I haven't looked into what is going on with deblur, but it may be the case that all reads are filtered.
Given all of that, this test dataset probably isn't useful for understanding what your original error was, so we might go back to the drawing board here.
Where are you currently in terms of using the EMP and what are you looking to do (in the event your analysis has shifted at all).
Yes, the issue here is that there is only a single OTU in a single sample, which by accident, makes QIIME 2 think the OTU table is empty. If there were two OTUs there would not have been an issue and we can start looking into the source of the original problem.
I think two samples from very different environments in the EMP should be enough to guarantee two OTUs are found.
Here is a file containing 5 samples, 20 sequences each. Deblur did not work on this dataset, but dada2 appears to have worked. single-end-demux_qiime2_forum.qza (17.4 KB)
I ran this command line
qiime deblur denoise-16S --i-demultiplexed-seqs single-end-demux_qiime2_forum.qza --p-trim-length 120 --p-sample-stats --verbose --o-representative-sequences deblur-rep-seqs_qiime2_forum.qza --o-table deblur-table_qiime2_forum.qza --o-stats deblur-stats_qiime2_forum.qza
I was able to run those data through after adjusting a few parameters. What I suspect is that there just isn't enough data for the default parameter settings. Specifically, I set --p-min-size to 1 and --p-min-reads to 1. The reason I did this was, since each sample only had 20 sequences, the likelihood of a cluster size greater than 1 was pretty low (--p-min-size), and second, the likelihood of a "real" sequence having at least 10 reads across all samples (--p-min-reads) was quite low since there are only 100 sequences in total in these files.
I do not advise altering the --p-min-size parameter for real data.
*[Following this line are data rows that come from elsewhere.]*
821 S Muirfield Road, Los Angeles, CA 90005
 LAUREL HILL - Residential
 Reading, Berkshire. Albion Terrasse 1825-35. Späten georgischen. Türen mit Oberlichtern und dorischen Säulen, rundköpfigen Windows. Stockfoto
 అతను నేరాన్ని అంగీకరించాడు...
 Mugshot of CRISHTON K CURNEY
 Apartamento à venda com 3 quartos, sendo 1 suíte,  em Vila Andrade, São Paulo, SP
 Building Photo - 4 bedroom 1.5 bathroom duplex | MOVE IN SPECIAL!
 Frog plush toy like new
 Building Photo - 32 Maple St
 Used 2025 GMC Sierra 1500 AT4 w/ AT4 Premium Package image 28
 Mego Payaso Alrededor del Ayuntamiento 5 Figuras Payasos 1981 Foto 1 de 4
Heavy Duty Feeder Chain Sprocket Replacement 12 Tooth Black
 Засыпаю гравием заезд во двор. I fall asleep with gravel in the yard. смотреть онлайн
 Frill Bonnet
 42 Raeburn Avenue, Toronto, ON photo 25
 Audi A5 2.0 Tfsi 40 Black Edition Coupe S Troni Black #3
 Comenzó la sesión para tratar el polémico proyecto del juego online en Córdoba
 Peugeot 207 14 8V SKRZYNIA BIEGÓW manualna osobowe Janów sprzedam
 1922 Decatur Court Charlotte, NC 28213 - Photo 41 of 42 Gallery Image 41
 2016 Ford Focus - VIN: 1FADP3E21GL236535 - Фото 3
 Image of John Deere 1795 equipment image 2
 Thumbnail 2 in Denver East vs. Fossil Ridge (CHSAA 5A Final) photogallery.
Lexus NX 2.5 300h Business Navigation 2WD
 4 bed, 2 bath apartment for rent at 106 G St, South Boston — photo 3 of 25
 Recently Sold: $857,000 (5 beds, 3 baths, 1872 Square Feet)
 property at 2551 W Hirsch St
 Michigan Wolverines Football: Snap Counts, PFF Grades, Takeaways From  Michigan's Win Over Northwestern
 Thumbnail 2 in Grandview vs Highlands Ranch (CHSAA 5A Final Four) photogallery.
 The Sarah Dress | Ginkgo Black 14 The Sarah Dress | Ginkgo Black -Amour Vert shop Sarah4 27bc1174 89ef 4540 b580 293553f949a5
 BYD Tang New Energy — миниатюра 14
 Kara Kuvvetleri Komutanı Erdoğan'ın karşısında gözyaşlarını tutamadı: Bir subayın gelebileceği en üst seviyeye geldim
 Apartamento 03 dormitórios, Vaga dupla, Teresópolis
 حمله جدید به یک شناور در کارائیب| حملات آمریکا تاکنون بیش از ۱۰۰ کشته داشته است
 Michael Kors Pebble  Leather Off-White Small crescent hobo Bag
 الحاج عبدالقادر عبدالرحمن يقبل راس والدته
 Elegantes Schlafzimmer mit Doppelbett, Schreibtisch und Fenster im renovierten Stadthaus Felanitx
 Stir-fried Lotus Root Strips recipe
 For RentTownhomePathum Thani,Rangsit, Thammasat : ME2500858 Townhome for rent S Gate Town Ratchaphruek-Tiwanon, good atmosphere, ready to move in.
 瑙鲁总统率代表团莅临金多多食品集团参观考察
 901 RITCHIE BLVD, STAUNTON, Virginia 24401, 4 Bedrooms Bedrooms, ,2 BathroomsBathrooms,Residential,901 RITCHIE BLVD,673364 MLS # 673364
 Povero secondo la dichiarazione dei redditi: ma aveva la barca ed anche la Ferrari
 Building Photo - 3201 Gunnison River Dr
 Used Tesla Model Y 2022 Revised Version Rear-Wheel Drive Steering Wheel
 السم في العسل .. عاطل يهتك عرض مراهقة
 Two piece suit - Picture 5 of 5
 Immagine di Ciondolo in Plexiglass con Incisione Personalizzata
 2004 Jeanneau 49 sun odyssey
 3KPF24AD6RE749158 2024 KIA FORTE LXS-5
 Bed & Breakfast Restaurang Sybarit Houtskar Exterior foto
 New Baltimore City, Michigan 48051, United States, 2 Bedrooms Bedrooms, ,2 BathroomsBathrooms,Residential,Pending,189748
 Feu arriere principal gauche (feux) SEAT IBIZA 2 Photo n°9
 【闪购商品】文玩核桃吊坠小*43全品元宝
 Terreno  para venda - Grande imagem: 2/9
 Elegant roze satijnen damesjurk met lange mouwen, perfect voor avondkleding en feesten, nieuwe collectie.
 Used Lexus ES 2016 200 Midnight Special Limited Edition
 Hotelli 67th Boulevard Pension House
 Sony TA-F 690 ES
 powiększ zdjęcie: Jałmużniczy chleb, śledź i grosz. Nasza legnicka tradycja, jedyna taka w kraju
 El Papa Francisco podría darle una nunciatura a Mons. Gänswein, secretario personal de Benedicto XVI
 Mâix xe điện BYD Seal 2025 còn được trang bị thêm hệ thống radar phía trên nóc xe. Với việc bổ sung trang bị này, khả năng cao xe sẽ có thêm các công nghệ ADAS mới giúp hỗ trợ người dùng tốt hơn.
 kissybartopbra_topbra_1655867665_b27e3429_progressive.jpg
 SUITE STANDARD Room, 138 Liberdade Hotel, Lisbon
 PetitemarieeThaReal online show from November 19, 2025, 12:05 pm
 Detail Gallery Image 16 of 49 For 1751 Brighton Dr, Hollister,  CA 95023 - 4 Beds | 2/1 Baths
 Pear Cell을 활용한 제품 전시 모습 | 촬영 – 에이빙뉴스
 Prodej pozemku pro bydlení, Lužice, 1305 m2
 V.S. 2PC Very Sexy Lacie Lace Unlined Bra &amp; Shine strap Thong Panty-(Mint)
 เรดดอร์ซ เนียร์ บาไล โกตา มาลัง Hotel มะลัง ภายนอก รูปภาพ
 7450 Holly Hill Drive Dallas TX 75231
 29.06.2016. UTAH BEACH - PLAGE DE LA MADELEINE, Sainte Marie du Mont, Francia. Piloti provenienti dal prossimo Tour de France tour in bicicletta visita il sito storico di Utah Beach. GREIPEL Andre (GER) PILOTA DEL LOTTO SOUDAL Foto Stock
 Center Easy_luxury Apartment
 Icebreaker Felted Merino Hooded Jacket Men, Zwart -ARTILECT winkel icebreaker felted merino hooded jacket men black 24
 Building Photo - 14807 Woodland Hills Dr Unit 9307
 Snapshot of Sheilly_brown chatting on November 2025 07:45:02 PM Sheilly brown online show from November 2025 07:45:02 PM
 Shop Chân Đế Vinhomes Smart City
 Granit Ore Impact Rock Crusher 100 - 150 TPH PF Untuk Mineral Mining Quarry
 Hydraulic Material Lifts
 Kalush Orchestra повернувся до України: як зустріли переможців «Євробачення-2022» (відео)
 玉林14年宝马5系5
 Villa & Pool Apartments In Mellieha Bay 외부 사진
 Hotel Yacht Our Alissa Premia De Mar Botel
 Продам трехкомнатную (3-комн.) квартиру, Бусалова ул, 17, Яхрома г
You may want to set --p-min-reads to 1 when performing meta-analysis as you can filter low abundant features later.
Can you try running all of the sequences in each of those samples through with the default parameter settings? I suspect it'll work just fine.
Hi Daniel,
I set --p-min-reads to 1 and started the deblur run again with a full dataset, and will send results as soon as it ends. I noticed that for the first time it is returning warning messages without dying. They are many messages like this one:
/Applications/miniconda2/envs/qiime2-2018.8/lib/python3.5/site-packages/deblur/workflow.py:851: UserWarning: Problem removing artifacts from file /private/var/folders/14/2xdw_prn4_z9ds_35n20v8_80000gn/T/qiime2-archive-usb8k0z7/3bf2982b-4dee-4cc6-9c50-5723510b2e57/data/ltreb.2015.098.288_1246_L001_R1_001.fastq.gz
seqs_fp, UserWarning)
Hi Daniel,
Here is another question. I ran dada2 on this same dataset and received an error. Here is the Debug Info file. I cannot figure out the problem. Is it similar to the potential problem you identified in my deblur run?
I'm not very familiar with the DADA2 runtime. However, the error output in the log file states "Invalid derep$quals matrix. Quality values must be positive integers." This suggests one of the input files either has unusual PHRED scores, the PHRED offset being used is incorrect, or perhaps some other underlying issue.
OK, but the deblur defaults do not work on the larger dataset, so perhaps running with --p-min-reads=1 will help identify the problem. The deblur log is too big to upload so I copy/pasted two entries below. The first is for one of the files that produced a UserWarning. The second is one that did not produce a UserWarning
It sounds like there might be something wrong with the PHRED scores in the EMP dataset, based on the dada2 errors. Do you know of a tool to test for unusual PHRED scores?